Special Issue: Molecular phylogenetic approaches to deep phylogenies
Guest Editor
Prof. Xuhua Xia
Department of Biology, University of Ottawa, Ottawa, Canada
Email: xxia@uOttawa.ca
Manuscript Topics
Deep phylogenies are difficult to recover. Anyone who has worked on deep phylogenies would have experienced the frustrating situation in which different research groups have generated “robustly supported” phylogenies that unfortunately are totally incompatible with each other. Some methodologies or analyses must be severely flawed. Various attempts have been made to 1) increase the amount of data to augument the weak phylogenetic signals in each individual gene, 2) diversify molecular data to incorporate conservation of gene interaction pathways, 3) improve the sequence alignment, 4) develop more realistic substitution models and more rigorous statistical tests of alternative topologies, 5) design new algorithms to search the tree space more thoroughly to avoid local optima, and 6) evaluate the biological relevance of resulting phylogenies by its power to explain phenotypic differences and evolutionary and adaptive trajectories in response to natural selection mediated by environmental differences.

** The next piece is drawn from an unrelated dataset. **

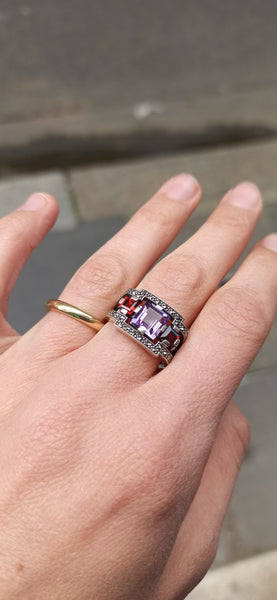 Bague Art Déco En Argent 925 Et Améthyste - Taille 52, Pierre Violette, Neuve Avec étiquettes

This special issue aims to attract research articles on, and reviews of, methods and applications in these six categories leading to better resolution of deep phylogenies (which do not necessarily imply the reconstruction of speciation or gene duplication events that occurred billions of years ago, as some viral phylogenies could be quite “deep” going back less than a million years). We particularly encourage submission of papers that identify the flaws in previous publications leading to resolution of existing controversies. Papers mainly on dating may be considered but are not the prime focus of this issue (unless they are explicitly hypothesis-driven).